Additionally, we found significantly different methylation levels of CDGS genes when comparing tumor tissues to normal tissues (Fig. 5H). In pan-cancer analysis, the average methylation level of CDGS was significantly lower in the mutant group (Fig. S4G). Mutations of CDGS also decreased the methylation level across eight specific cancer types (Fig. S4H). Meanwhile, we observed methylation signals of APOB in HepG2 and A549 rather than Panc1 cell lines (Fig. 5E, F and Fig. S4F), suggesting that mutations of APOB may influence their methylation levels. Notably, these observed discrepancy in methylation level influence arises from the distinct contexts in which APOB and CDGS mutations were analyzed. The objective of the APOB methylation analysis is to investigate the potential impact of mutations within enrichment regions on cancer development. In contrast, the global analysis of CDGS mutations reflects a broader epigenetic effect as a collective group.
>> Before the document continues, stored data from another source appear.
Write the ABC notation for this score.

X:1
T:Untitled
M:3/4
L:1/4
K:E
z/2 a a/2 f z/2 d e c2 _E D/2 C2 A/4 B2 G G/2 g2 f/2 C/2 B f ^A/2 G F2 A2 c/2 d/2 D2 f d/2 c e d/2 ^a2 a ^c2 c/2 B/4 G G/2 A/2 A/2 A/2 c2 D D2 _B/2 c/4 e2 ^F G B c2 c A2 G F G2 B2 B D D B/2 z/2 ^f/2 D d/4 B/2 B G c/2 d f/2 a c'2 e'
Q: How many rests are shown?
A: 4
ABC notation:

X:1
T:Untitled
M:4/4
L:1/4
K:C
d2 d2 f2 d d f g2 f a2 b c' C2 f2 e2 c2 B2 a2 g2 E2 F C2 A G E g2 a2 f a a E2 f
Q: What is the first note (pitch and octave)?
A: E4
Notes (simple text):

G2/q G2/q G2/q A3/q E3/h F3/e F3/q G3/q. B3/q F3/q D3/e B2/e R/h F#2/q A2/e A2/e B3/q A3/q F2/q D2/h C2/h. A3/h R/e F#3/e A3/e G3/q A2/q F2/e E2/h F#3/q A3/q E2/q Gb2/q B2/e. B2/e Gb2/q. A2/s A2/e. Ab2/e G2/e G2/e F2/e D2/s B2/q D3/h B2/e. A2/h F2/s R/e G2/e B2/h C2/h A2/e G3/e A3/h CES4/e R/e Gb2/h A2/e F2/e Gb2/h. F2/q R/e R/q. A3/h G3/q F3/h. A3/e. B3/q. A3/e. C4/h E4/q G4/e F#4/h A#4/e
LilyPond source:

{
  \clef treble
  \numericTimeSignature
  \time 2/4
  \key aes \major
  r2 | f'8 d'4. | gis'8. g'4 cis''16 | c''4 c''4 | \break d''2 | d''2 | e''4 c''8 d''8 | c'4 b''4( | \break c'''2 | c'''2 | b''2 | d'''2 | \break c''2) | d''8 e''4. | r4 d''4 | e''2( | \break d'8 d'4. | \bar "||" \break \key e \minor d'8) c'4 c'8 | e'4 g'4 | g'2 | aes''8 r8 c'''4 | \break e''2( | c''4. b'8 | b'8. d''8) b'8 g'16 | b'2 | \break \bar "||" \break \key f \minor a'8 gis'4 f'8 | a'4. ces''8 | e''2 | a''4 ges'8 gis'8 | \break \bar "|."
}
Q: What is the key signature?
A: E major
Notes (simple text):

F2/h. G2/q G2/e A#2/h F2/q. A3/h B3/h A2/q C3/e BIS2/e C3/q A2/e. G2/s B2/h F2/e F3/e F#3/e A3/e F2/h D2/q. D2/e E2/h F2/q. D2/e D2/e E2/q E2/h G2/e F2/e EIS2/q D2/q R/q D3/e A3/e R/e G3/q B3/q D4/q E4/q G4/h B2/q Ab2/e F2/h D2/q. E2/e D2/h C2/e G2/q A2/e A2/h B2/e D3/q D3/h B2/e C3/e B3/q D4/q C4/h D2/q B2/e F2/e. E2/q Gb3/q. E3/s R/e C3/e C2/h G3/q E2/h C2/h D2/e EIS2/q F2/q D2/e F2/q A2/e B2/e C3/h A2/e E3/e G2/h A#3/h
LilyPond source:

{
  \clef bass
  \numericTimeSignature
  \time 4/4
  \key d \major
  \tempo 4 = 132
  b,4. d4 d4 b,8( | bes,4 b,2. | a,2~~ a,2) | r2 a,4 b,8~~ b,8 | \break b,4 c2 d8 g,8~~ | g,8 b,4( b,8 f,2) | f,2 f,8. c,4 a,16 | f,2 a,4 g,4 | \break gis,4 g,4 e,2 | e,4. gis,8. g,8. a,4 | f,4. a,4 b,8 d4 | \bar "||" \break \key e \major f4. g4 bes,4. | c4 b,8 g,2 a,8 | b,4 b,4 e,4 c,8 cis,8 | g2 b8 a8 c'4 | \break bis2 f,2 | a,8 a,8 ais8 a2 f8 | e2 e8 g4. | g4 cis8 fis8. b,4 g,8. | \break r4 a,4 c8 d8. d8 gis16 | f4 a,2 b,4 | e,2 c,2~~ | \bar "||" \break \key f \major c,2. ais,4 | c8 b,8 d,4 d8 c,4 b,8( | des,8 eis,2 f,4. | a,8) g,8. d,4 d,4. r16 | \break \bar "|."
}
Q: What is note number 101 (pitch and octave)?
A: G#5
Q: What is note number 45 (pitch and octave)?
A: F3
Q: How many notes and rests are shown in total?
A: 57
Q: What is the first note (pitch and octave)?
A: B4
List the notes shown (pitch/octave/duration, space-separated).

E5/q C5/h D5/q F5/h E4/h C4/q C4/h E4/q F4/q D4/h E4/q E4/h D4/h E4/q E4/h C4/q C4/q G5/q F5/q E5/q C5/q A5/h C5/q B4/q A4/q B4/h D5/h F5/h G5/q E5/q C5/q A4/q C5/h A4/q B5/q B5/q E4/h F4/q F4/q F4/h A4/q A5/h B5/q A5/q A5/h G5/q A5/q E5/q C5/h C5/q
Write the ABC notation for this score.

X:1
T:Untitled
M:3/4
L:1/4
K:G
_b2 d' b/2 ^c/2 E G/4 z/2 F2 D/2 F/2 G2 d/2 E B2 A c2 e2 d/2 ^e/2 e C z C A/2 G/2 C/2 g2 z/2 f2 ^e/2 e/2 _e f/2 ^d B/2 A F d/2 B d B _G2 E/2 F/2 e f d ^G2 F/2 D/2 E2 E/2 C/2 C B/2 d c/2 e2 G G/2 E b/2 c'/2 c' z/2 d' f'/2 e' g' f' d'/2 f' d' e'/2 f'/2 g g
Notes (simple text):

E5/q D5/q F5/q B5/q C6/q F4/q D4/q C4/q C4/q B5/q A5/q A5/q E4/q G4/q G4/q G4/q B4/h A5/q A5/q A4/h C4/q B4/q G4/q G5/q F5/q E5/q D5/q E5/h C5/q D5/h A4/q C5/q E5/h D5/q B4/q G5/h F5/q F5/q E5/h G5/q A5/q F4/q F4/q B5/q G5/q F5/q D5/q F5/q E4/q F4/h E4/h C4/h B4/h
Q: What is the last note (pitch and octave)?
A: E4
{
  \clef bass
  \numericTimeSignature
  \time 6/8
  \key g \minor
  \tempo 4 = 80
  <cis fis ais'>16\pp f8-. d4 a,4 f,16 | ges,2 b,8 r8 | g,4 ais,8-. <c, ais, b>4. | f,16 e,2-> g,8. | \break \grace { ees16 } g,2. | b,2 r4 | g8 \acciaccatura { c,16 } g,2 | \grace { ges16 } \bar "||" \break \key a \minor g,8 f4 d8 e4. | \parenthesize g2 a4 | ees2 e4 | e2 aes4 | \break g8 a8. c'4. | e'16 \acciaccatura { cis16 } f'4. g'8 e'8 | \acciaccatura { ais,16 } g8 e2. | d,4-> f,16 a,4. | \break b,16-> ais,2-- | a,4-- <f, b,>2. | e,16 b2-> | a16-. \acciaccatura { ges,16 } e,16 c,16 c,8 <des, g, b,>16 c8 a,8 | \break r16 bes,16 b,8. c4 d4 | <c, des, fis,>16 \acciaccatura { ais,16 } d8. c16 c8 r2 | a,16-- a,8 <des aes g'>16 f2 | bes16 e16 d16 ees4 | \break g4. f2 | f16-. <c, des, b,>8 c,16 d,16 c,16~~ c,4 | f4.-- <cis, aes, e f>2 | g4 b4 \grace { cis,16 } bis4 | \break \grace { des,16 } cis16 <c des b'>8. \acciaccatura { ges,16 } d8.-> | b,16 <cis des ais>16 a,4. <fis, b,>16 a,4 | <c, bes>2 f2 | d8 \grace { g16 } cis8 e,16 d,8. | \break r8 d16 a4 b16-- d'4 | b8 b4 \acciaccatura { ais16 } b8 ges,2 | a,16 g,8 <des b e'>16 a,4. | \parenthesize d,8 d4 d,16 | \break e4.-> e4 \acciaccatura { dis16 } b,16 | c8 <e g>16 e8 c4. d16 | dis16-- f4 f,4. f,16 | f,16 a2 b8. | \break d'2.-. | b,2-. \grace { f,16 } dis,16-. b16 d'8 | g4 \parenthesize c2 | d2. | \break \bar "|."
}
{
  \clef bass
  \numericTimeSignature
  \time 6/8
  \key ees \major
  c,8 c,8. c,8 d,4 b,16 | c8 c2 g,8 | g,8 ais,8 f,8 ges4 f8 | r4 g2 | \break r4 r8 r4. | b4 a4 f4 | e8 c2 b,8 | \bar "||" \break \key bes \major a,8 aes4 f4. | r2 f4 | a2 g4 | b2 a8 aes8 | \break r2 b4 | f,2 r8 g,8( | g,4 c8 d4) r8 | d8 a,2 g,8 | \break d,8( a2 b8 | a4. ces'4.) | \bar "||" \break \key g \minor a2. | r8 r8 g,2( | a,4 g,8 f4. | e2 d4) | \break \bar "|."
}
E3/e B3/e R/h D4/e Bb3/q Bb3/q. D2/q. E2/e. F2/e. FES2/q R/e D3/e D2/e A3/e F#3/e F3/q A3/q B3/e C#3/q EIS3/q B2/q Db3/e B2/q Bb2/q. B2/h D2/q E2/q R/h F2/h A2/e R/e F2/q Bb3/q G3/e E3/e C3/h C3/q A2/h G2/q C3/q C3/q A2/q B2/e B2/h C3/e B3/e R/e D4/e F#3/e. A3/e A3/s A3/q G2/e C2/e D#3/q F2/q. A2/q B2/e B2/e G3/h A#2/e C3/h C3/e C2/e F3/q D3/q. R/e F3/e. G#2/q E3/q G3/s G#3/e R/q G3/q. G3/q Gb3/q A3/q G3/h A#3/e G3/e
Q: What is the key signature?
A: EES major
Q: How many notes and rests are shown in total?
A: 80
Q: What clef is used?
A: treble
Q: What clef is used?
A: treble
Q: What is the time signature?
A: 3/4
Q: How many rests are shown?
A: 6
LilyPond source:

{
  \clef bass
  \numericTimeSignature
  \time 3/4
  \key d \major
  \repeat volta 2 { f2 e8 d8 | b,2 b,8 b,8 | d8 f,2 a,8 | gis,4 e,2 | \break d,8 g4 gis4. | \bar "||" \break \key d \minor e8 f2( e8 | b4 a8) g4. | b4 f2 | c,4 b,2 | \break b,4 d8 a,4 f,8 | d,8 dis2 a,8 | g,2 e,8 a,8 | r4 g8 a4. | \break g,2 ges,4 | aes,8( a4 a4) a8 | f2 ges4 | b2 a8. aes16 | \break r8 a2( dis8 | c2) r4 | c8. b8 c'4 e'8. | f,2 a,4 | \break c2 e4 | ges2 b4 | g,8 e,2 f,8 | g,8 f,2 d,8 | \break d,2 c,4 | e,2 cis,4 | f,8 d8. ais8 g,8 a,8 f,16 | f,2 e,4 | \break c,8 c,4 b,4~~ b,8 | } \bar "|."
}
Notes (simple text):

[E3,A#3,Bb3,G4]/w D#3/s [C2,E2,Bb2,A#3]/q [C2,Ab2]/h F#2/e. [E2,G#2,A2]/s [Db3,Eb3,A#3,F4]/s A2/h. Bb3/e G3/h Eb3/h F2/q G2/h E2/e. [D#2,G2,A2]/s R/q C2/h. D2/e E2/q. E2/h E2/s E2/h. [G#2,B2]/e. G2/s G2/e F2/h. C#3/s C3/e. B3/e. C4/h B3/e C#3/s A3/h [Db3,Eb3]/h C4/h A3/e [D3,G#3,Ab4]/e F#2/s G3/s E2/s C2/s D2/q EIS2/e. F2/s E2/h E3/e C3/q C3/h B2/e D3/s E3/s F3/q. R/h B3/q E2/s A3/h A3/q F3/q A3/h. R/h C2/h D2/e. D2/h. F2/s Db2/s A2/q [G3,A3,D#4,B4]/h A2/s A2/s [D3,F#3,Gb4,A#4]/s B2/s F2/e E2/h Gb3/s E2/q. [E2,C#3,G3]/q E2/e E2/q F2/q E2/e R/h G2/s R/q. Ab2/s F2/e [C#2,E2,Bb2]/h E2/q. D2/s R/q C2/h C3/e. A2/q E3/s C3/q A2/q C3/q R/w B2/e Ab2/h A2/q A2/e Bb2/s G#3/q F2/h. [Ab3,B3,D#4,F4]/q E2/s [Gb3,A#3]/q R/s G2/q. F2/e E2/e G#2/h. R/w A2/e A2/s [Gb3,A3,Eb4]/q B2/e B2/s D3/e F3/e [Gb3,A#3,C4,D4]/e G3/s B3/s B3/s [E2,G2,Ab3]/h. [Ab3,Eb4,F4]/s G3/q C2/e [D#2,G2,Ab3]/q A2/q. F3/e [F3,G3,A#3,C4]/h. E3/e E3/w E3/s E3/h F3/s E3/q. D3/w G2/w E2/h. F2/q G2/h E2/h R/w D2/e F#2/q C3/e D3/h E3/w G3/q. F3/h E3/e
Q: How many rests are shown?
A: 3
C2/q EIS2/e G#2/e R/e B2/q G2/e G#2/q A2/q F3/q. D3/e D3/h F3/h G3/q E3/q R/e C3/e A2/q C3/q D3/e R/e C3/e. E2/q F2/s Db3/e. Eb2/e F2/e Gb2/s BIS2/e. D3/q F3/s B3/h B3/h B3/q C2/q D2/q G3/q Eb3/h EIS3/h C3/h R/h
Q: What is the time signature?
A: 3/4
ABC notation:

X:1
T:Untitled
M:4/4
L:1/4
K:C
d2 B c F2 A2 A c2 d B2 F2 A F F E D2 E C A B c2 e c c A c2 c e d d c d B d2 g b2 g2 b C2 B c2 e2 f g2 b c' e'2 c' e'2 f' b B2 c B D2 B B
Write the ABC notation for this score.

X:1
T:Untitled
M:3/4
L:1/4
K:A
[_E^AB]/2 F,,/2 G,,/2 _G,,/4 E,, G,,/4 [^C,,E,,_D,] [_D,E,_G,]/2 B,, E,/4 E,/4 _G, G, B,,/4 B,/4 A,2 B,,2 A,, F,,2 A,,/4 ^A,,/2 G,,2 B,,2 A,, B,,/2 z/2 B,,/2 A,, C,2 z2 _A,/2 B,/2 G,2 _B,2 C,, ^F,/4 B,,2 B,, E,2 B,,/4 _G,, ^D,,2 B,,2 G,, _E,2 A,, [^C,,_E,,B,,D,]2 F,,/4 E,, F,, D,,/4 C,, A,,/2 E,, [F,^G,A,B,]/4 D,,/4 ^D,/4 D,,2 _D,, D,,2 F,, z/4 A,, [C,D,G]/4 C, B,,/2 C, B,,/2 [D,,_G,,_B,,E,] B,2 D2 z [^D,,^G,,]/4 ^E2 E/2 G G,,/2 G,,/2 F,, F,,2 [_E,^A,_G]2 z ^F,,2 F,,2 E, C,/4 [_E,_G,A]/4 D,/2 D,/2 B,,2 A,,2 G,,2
Meanwhile, RYR3 was found to be downregulated in LUSC, PAAD, and LIHC compared to normal tissues, indicating its potential role as a TSG (Fig. 5A). RYR3 was identified as a candidate driver gene by geMER in LUSC and PAAD, but not in LIHC. Compared to the HepG2 cell line, the signals of transcription, DNA methylation, and histone modifications that promote transcription were weaker, while histone modifications that suppress transcription were stronger in A549 and Panc1 cell lines (Fig. S4I). These observations suggest that mutations within the enrichment regions of RYR3 probably reduced its transcriptional levels, DNA methylation, and histone modifications that activate expression, while enhancing histone modifications that inhibit expression. These findings provide novel mechanistic insights into the role of RYR3 as a potential driver across various cancer types. RELN, recognized as a candidate driver gene across LIHC, LUSC, and PAAD, displayed similar transcriptional, DNA methylation, and histone modification patterns in all three cell lines (Fig. S4J). This demonstrated that mutations within the enrichment regions of RELN may have similar regulatory mechanisms across these cancers.

Cross-talk among CDGS genes and functional consequences of CDGS mutations

We observed that the members of CDGS featured frequent interactions within protein-protein interaction (PPI) networks (Fig. 6A). Their expression levels were generally significantly positively correlated across pan-cancer and individual cancer types (Fig. 6B). These results indicated that the cross-talk among CDGS genes may contribute to the development and progression of multiple cancers.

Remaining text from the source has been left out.